January 01, 2006

10 Best

The year end prediction and best of lists have been coincident with a series of running gags in our office about a colleague's penchant for 1980's goofball comedies. The timing has led me to think about my own favorite movies, and I thought I'd see if I could actually come up with a top 10 list. I did and here it is:

1. Barton Fink. Written as a way to break out of the writer's block that gripped Joel Coen while he was putting Miller's Crossing together. Funny and horrifying, Barton Fink is pure hollywood on all levels. It's where dreams are made, hopes are dashed, and great talent is either discovered , manufactured, or neither. What's in the box? The death of your soul. Imagery and dialog here to last a lifetime.

2. Blue Velvet. This movie changed the way I thought about many many things, but mostly it changed my expectations about films. I remember walking out of the theater as if I'd been hit in the head with a sledgehammer and thinking "Wow".

3. Mulholland Drive. David Lynch on the list twice, this time with the sad tale of failed actress Diane Selwyn. By reconstituting the demise of Diane's hopes and dreams in mind blowing sequence with time off for the usual cavalcade of Lynch sideshows (dwarf, cowboy,...), Lynch forces you to sit back and live the psychotic border area between fantasy and reality. Remarkable.

4. Bette Blue.Beatrice Dalle gives the performance of a lifetime in this unfiltered tale of woman full of life, passion and madness. Dalle is similarly great as a cab passenger in Night on Earth. The cinematography and direction are first rate, but Dalle makes the movie.

5. Withnail and I. Finally, a comedy appears on the list at number 5. Poverty and alcoholism have never been funnier. Some people find the pace of this film too slow and too depressing, but 18 years after it was made, I'm still remember lines from the movie and laughing to myself.

6. Abre los ojos. Don't think you've seen this if you saw the english language version, Vanilla Sky. This is better and nobody needs to watch Tom Cruise anymore anyway. My favorite among a fast growing collection of spanish language films.

7. The Cable Guy. Ben Stiller takes the premise that too much TV will ruin your life and takes it to its illogical conclusion. This movie is tragically underrated, and I say that NOT being a huge Jim Carrey fan. I have been surprised at some of the really lame films from Ben Stiller after this brilliant directorial effort (zoolander? yikes). Perhaps he took the lukewarm reactions as evidence that people just want their comedies to have more fart jokes and less dark elements.

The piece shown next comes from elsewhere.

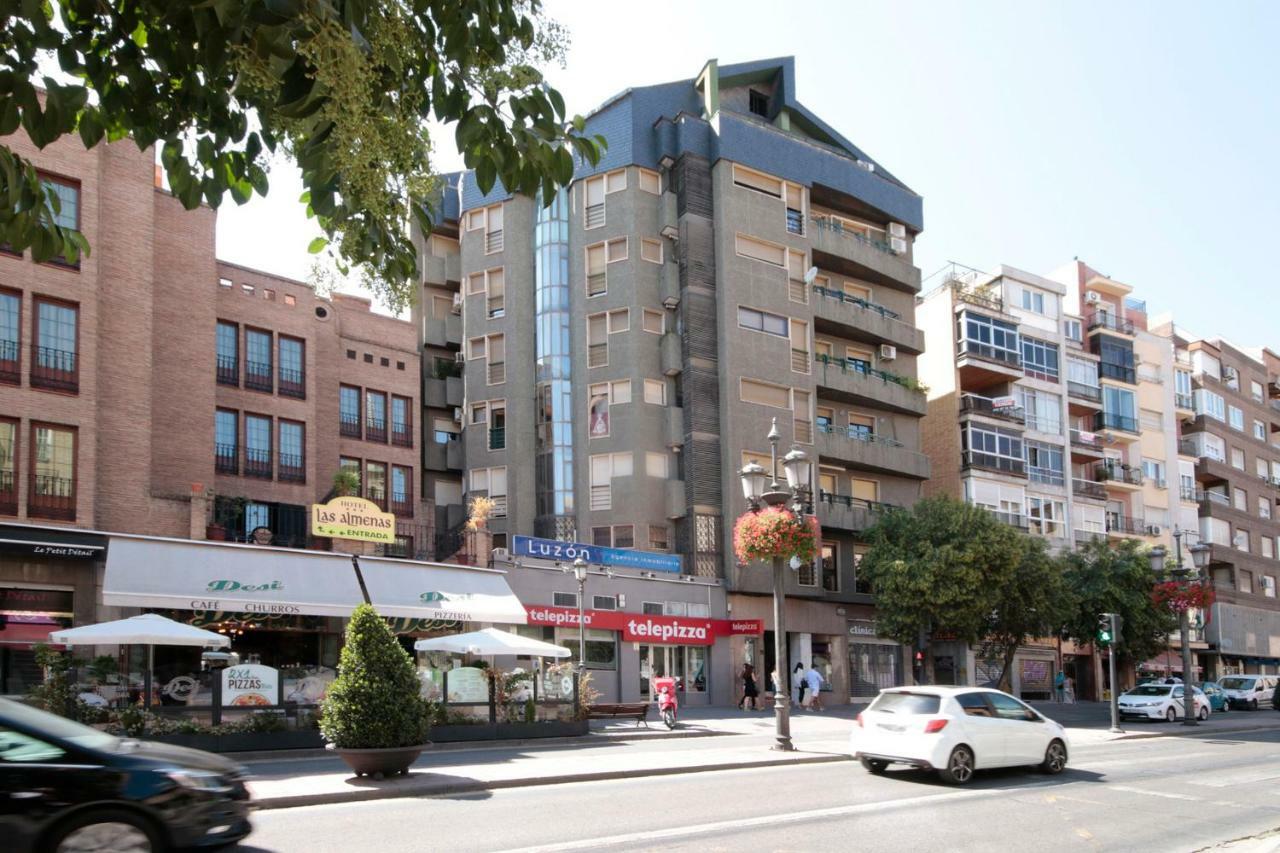 Acera Del Darro, Centrico Apartment Granada Exterior foto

8. Vampire's Kiss. It's the best Nicolas Cage movie you've never seen. A publishing executive thinks he's turning into a vampire. Hilarity ensues. Another tragically underrated black comedy, Nicolas cage goes over the top in the best way possible. Again, I wonder if this film isn't more widely liked because it is so relentless as it hops back and forth between comedy and some hard to watch tragedy.

9. Touch of Evil. What's not to like. This is film noir at its finest and Orson Welles' real masterpiece. Hard to believe this was made in 1958. I couldn't decide between this and The Big Sleep in the number nine slot, but i think that this is the movie I could watch again and again.

10. Run Lola Run. I think this movie is 80 minutes long or something. It's hard to believe that it can sustain its frenetic opening pace for the entire film, but it does and it works. One of those movies you leave and think "why aren't there more films like this?". Fabulous soundtrack, fabulous editing, which you almost never notice (and probably shouldn't notice most of the time), great mix of media types (still, animation,etc.).